Spending on sampling rose 9.4% in the past year due to its ability to “engage consumers, foster brand interaction and measure ROI.” Deemed as “advertrying”, sampling has gone through a resurgence in the past few years evolving from a high priced tactic of handing out free products to the new mass media buy.
Samples offer consumers a practical opportunity to try new products and brands, free and totally without risk, and have a lasting impact on consumers’ buying decisions and are able to change previous buying habits like no other advertising material.
Sampling in relevant environments like sporting events where the consumer has an affinity towards the product is important to a campaign’s success. Sampling is an effective marketing tool since the consumer’s association and affinity to the product can be controlled through the relevance of the environment. For example, when a cyclist or runner is provided with a specific sample in the goodie bag, they are much more likely to test the product due to the relevance and timing of its distribution.

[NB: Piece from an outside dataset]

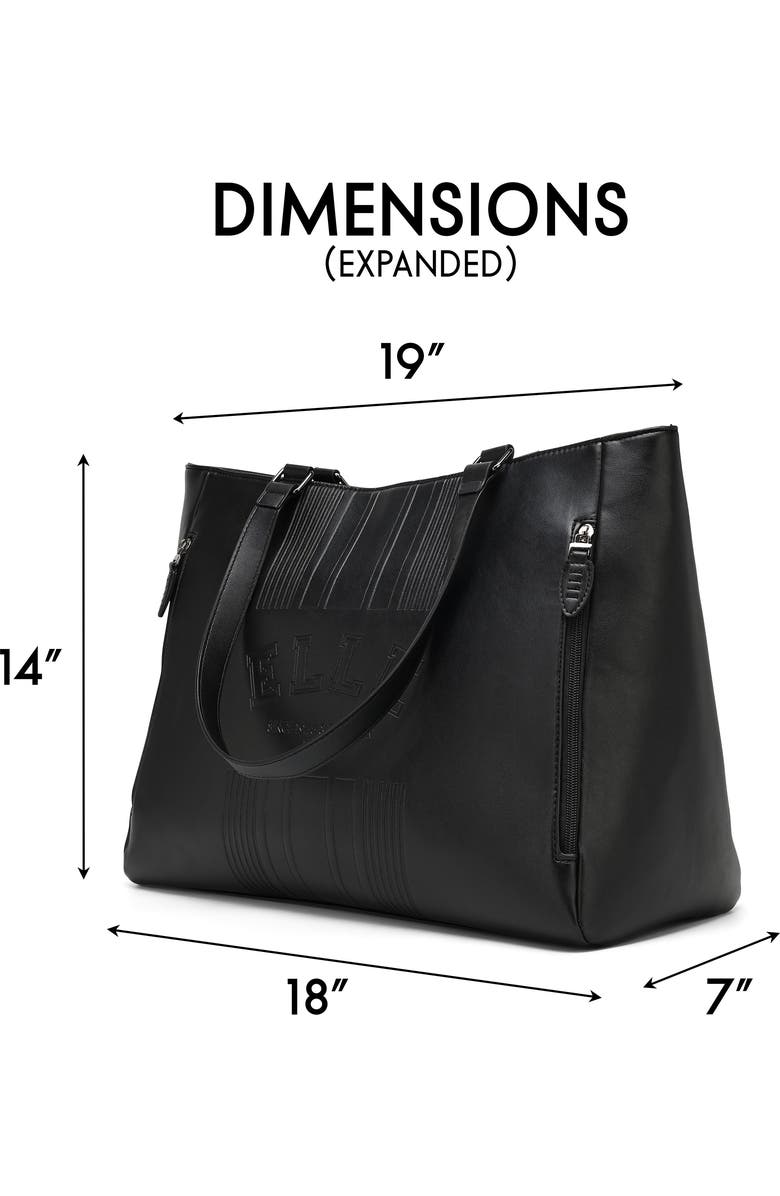 ELLE Roamer 24L Vegan Leather Weekender Duffel Bag, Alternate, color, Black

Another sampling benefit to the brand is the increased opportunity of a “halo effect”. A “halo effect” is where the perceived positive features of a particular item extend to a broader brand. Sampling increases the likelihood of a “halo effect” due to its ability to have the consumer test the product, increasing the awareness of the brand and the brand’s other available products. Once the consumer is able to identify the brand’s name, as well as create an affinity to the brand, they are more likely to test out other products of the same brand.

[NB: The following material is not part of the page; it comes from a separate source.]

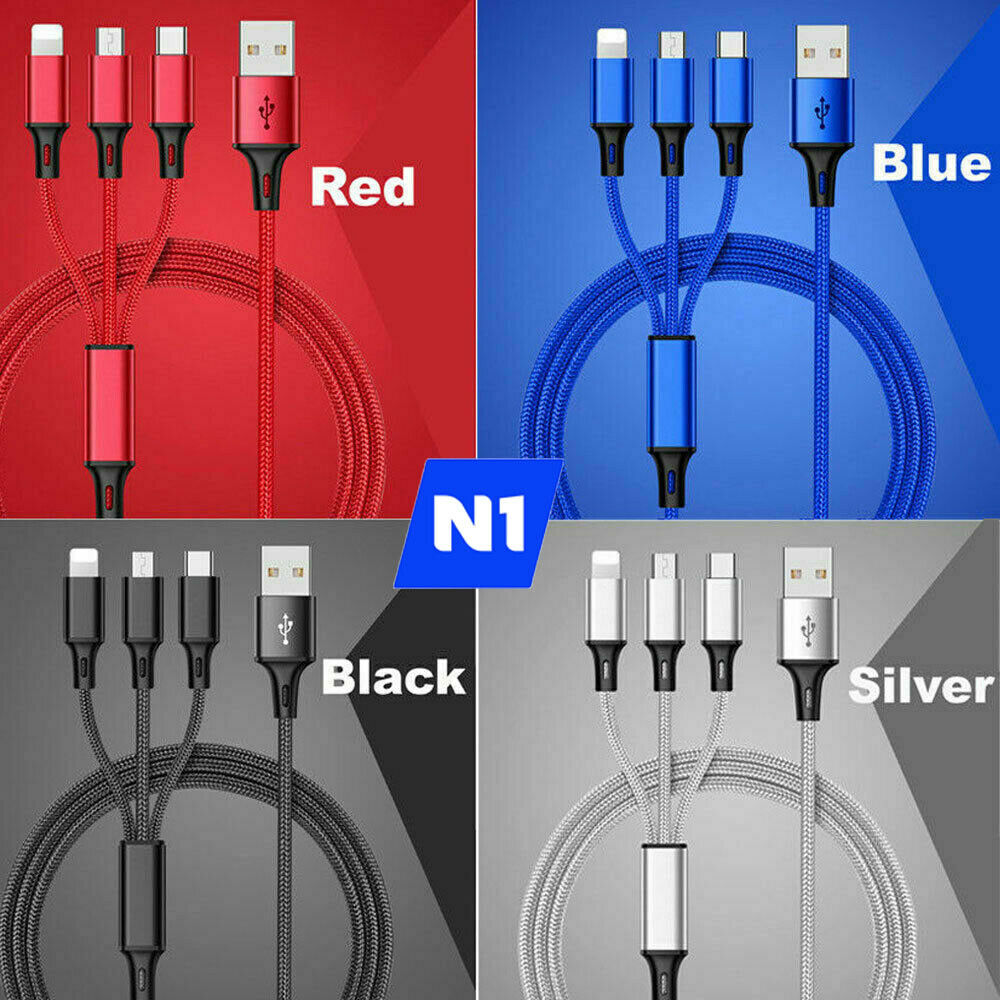 Universal Fast Charging USB Cable 3 in 1 Multi Function for Apple iPhone , Type C and Micro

In a recent survey, nine out of ten consumers say they would purchase a good or service if they experienced it and were satisfied. Consumers are looking to test products before making their purchasing decisions and the more a brand can provide them with a sample trial, the more willing and confident a consumer feels to make a final purchase. Engaging the consumer through trial sampling allows brands the ability to make an impactful connection with the consumer leading to a higher likelihood of a final purchasing decision.
Another aspect of consumer engagement is word of mouth. Even if the consumer does not use the sampling product, they are likely to pass it on to someone else, thus providing a greater footprint for the brand.

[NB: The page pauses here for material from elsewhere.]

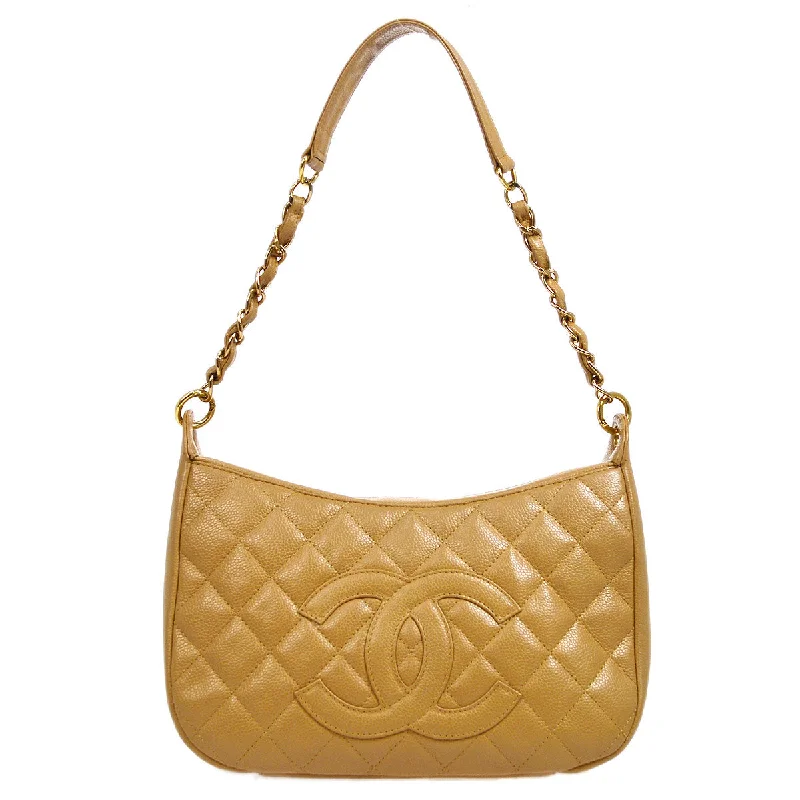 Chanel New Arrival Handbag with Gold HardwareCHANEL 2003-2004 Hobo Bag Beige Caviar 15748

Sampling via the Goodie Bag provides an accountability factor due to the ease of tracking the campaign. Whether it’s a coupon or samples they receive at a specific event ,the local, regional and national sales responds, thus leaving a clear indication of the success of the programme. It redefines “impressions” by creating consumer interaction with the product and measuring the sales impact.
Marketing campaigns all come down to effective ROI and with the controlling and relevant benefits that sampling offers, it’s hard to deny this re-emerging marketing tactic.